_Exercise goal_: Collect every line of the records below that contains the word "Gallery".

(Short text fragments from websites)
################

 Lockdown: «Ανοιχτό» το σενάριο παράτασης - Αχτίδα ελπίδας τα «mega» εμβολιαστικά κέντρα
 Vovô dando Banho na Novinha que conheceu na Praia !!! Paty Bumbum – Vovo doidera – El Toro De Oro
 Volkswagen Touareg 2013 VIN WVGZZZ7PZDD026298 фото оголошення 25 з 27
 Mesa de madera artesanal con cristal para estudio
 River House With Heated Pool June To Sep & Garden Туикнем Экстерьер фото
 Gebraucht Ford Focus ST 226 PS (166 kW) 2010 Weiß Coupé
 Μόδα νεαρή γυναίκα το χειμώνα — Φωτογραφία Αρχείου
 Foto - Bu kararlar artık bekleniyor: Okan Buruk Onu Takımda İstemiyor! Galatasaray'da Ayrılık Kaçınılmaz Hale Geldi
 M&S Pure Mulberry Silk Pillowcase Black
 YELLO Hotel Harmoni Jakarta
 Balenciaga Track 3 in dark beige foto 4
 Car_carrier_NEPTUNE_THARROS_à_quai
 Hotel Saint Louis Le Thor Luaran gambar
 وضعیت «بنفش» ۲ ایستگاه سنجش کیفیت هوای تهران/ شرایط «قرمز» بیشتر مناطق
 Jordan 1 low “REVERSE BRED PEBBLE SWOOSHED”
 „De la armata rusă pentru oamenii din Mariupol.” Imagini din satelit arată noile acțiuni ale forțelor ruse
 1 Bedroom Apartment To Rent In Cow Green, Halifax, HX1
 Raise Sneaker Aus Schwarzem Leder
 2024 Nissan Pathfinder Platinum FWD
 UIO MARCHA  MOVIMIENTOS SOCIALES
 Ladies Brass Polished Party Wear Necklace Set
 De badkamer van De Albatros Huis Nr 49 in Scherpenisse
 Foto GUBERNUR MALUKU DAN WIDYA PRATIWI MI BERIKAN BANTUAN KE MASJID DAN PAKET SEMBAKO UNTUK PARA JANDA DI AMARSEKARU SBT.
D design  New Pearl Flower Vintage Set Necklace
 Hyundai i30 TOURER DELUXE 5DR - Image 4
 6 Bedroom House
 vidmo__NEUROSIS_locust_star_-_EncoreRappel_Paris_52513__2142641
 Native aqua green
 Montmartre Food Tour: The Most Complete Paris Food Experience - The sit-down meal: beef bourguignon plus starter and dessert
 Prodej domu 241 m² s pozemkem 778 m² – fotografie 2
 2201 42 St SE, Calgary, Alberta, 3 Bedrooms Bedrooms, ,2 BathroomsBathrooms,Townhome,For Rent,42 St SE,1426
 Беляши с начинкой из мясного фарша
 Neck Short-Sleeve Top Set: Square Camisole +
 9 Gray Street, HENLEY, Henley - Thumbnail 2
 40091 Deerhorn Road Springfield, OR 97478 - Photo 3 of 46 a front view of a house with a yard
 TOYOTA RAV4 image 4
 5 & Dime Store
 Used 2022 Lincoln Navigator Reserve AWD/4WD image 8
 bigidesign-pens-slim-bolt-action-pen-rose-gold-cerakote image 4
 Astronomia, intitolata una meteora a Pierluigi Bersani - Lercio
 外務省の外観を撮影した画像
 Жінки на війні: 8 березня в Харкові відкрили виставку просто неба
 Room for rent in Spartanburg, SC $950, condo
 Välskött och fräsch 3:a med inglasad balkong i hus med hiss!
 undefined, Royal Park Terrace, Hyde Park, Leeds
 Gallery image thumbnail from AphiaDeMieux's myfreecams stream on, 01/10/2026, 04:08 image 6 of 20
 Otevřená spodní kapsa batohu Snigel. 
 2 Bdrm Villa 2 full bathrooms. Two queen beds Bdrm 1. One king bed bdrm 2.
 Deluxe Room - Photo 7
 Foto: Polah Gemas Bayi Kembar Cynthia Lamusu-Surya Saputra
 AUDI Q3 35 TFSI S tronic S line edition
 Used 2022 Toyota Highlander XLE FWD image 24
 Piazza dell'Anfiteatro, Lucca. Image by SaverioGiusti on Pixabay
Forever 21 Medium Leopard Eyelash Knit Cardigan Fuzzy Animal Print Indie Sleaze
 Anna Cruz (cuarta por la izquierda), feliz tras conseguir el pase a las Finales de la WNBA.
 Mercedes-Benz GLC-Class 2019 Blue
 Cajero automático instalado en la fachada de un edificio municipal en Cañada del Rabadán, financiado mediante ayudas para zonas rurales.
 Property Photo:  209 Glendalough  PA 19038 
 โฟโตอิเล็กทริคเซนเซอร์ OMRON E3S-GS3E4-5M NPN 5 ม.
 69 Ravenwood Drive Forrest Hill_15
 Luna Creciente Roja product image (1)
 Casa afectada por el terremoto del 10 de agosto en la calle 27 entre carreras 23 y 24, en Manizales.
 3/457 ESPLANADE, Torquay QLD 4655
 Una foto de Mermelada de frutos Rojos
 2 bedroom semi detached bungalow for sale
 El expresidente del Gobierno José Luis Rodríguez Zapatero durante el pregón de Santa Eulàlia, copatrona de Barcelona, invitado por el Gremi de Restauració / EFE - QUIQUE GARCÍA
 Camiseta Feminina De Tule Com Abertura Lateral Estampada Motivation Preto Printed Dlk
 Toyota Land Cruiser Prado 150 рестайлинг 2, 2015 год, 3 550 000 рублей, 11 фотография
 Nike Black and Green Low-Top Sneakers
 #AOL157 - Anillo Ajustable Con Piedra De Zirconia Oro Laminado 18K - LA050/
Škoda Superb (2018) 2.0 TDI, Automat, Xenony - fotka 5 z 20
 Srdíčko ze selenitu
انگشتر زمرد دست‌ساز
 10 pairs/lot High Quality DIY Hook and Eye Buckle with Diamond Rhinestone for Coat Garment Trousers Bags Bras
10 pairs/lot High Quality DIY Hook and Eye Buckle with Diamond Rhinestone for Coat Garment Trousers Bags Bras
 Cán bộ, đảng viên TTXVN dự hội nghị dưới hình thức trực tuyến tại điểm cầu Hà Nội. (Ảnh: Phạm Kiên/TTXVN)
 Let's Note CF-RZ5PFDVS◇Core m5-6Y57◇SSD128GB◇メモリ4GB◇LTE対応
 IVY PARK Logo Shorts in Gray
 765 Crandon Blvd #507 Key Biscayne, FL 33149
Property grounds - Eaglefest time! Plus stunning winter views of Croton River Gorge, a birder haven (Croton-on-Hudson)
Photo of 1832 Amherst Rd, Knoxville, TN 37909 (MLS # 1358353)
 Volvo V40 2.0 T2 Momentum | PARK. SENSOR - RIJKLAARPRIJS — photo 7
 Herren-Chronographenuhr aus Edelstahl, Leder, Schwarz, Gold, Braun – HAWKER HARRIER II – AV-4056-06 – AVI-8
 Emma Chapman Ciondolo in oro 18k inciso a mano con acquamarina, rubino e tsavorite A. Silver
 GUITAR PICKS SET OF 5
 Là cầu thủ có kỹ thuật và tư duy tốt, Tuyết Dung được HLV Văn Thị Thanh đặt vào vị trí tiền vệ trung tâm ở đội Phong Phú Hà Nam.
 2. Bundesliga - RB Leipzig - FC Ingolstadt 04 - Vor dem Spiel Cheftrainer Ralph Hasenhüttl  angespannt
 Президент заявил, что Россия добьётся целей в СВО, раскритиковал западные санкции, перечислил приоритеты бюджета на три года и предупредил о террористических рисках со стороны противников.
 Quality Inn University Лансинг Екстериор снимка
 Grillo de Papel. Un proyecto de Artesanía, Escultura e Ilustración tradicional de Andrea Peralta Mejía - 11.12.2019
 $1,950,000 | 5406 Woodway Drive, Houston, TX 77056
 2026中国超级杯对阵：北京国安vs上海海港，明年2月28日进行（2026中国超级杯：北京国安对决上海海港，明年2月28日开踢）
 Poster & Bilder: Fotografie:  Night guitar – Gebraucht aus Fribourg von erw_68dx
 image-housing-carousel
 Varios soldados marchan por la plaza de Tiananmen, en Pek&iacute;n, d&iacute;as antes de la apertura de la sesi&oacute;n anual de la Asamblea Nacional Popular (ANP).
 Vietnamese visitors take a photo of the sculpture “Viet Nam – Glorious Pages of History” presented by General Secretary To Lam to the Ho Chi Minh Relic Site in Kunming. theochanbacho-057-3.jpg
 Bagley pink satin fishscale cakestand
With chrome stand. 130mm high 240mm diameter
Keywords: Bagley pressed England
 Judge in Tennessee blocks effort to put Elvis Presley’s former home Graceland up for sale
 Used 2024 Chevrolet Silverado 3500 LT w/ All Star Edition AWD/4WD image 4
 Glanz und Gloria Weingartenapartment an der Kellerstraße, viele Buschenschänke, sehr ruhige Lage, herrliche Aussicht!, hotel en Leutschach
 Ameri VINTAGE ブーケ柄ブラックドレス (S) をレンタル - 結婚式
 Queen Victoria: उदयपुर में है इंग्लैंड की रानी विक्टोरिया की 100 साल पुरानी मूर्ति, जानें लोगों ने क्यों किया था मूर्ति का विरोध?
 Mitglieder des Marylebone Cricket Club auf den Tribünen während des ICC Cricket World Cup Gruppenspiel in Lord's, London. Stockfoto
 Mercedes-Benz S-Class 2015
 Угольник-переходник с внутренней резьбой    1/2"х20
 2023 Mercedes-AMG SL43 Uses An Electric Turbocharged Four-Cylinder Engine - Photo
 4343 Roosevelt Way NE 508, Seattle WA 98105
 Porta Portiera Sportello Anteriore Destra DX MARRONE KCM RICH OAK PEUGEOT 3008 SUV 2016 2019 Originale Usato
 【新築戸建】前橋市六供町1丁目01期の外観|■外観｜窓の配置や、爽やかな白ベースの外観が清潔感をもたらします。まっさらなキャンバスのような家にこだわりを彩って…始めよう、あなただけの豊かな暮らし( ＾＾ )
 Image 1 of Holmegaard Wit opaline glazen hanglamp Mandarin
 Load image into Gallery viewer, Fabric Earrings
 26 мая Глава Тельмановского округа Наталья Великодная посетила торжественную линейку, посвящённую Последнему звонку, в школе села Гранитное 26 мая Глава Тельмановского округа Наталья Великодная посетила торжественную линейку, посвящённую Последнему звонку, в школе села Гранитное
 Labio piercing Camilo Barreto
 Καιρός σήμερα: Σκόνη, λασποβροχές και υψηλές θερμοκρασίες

################

_Written response_:
 Gallery image thumbnail from AphiaDeMieux's myfreecams stream on, 01/10/2026, 04:08 image 6 of 20
 Load image into Gallery viewer, Fabric Earrings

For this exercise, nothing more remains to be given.